There were 378,247 Ts assigned a CLS high CLS values indicate high crosslinking more efficiency and strong RBP RNA interac tions. low CLS values indicate low crosslinking efficiency or weak transient RBP RNA interactions. Consistent with the distribution of gPAR CLIP reads, CLS values were highest in 3 UTRs followed by 5 UTRs and CDSs. These observations support 3 UTRs as the primary sites for RBP RNA interactions for non translating mRNAs. To determine if enrichment of gPAR CLIP reads on UTRs was biased because of the U richness of UTRs, we compared the proportion of Us in each cross linking site to its coverage in gPAR CLIP and observed only a weak positive correlation, which by itself cannot account for the four fold enrichment of gPAR CLIP reads on UTRs.

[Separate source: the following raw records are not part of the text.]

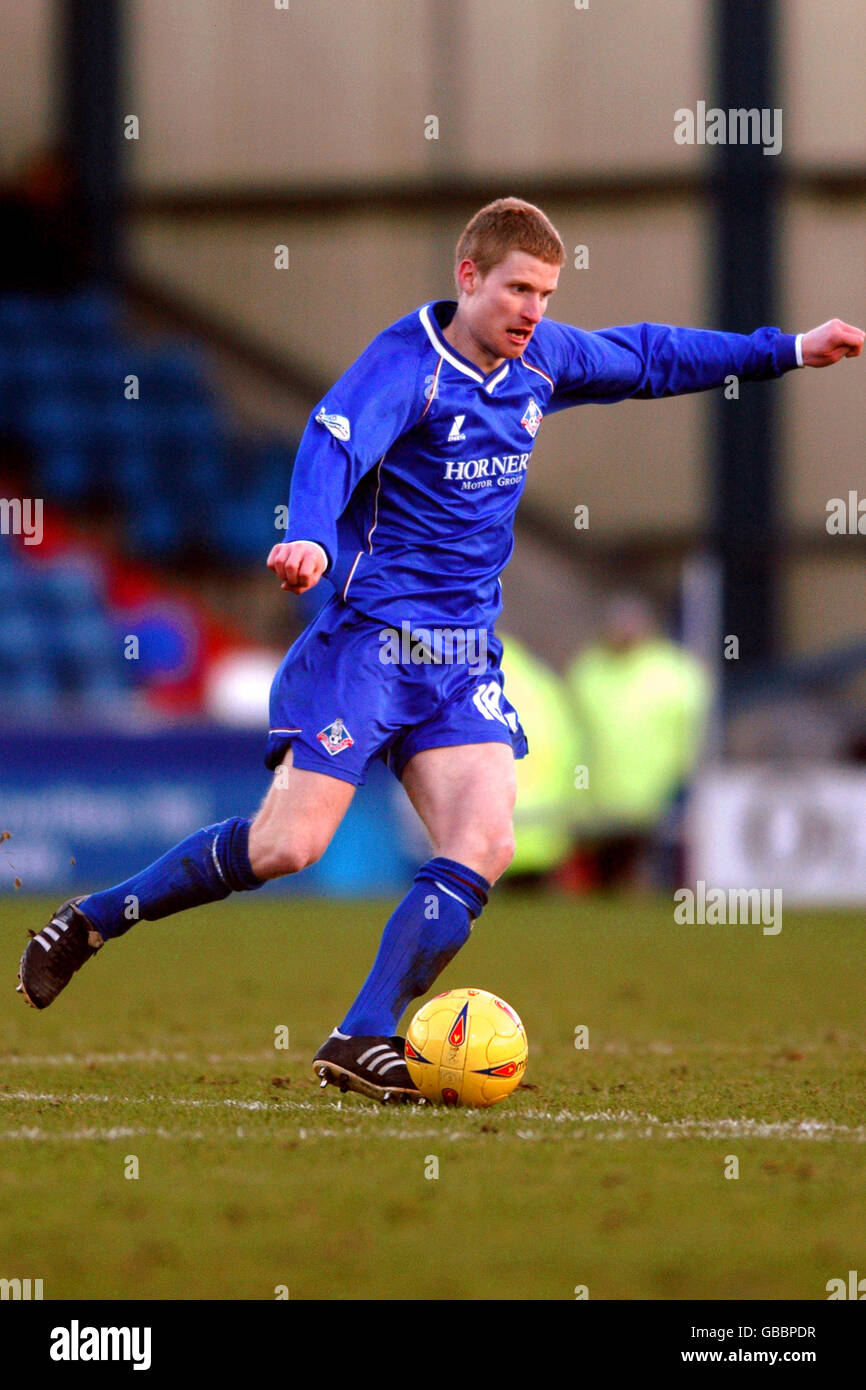 Daniel boshell hi-res stock photography and images - Alamy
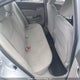 2HGFB2F41CH056685 2012 Honda Civic Lx auction photo thumbnail 8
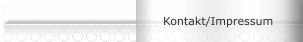 Kontakt/Impressum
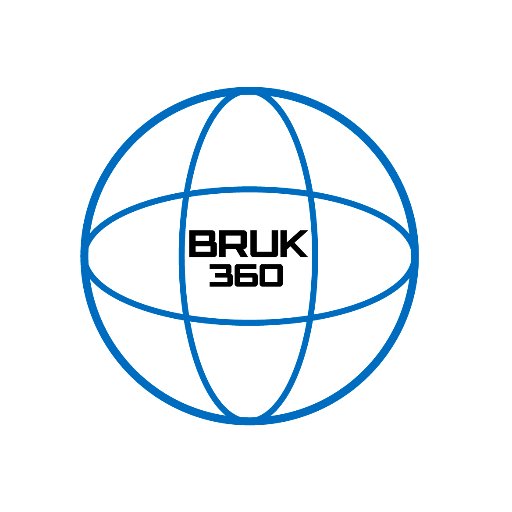 BRUK360 started as a Social Media Consultancy in 2011. We have been producing 360° content since 2015. In 2017 we are exploring VR and creating 360 content.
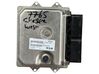 Engine control unit/module ECU 52127147
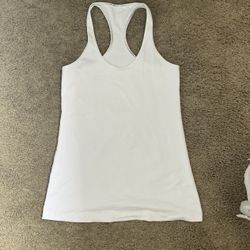 Lululemon W’s Tank Top 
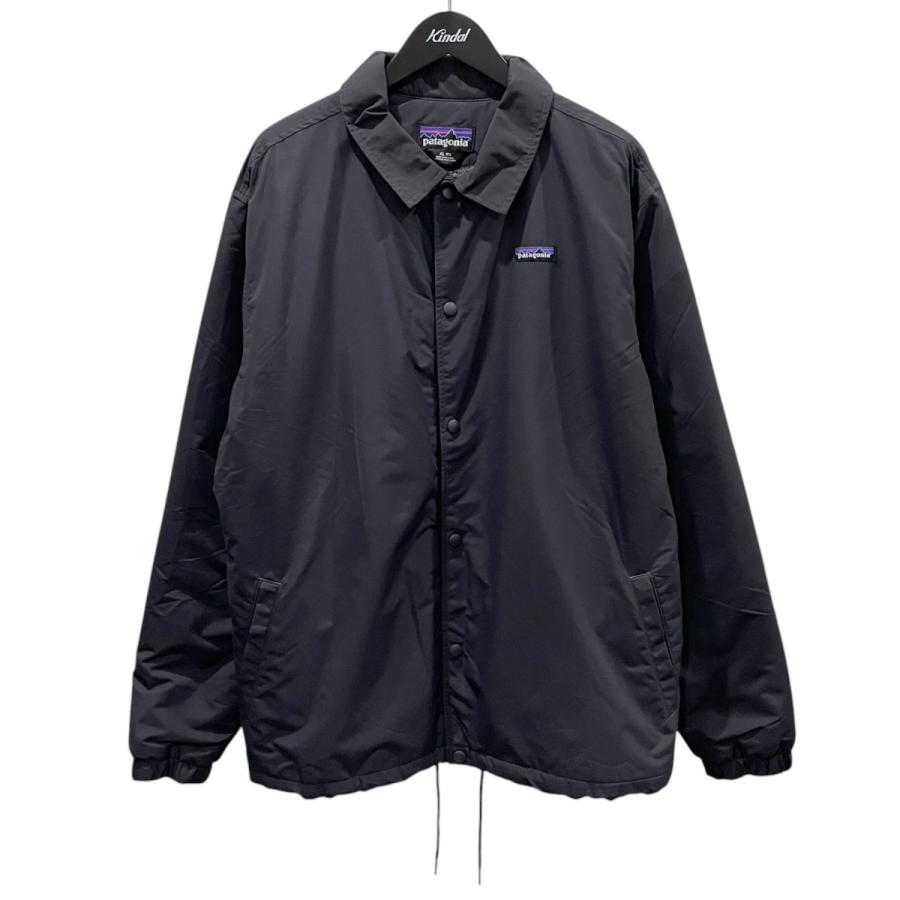 patagonia（パタゴニア） Patagonia 24AW 裏ボアジャケット Lined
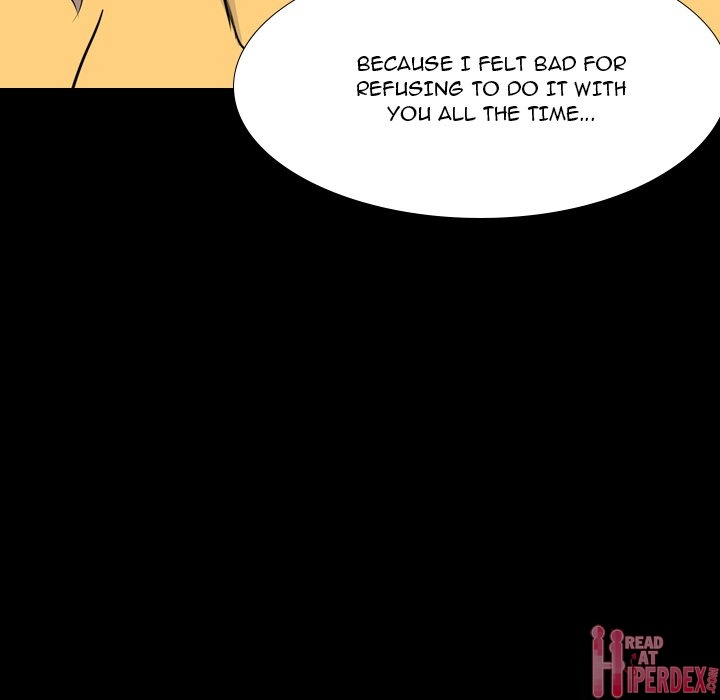 My Sister’s Secret Diary - Chapter 20 [photo 116] - MangaPorn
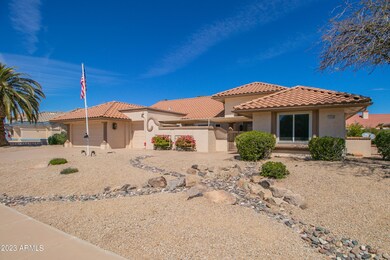 Look at this Gorgeous Montecito Model Ho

A previous comparative analysis of seven Saccharomyces genomes revealed that approximately 14% of evolutionarily constrained Inhibitors,Modulators,Libraries bases lie outside protein coding regions, often located in UTRs. These conserved regions could represent functional elements interacting with cis acting factors. We found direct evidence of RBPs crosslinking to 35% of conserved sequence blocks in UTRs as defined by phastCons, a score representing the likelihood that a base falls in a conserved element 405 of 1,549 5 UTR blocks and 1,036 of 2,536 3 UTR blocks completely overlap with at least one RBP crosslinking site, which is significantly higher than randomly defined con trol blocks. At the gene level, ATG8, a key autophagy gene, con tains two major crosslinking sites that overlap with conserved sequence blocks in its 3 UTR.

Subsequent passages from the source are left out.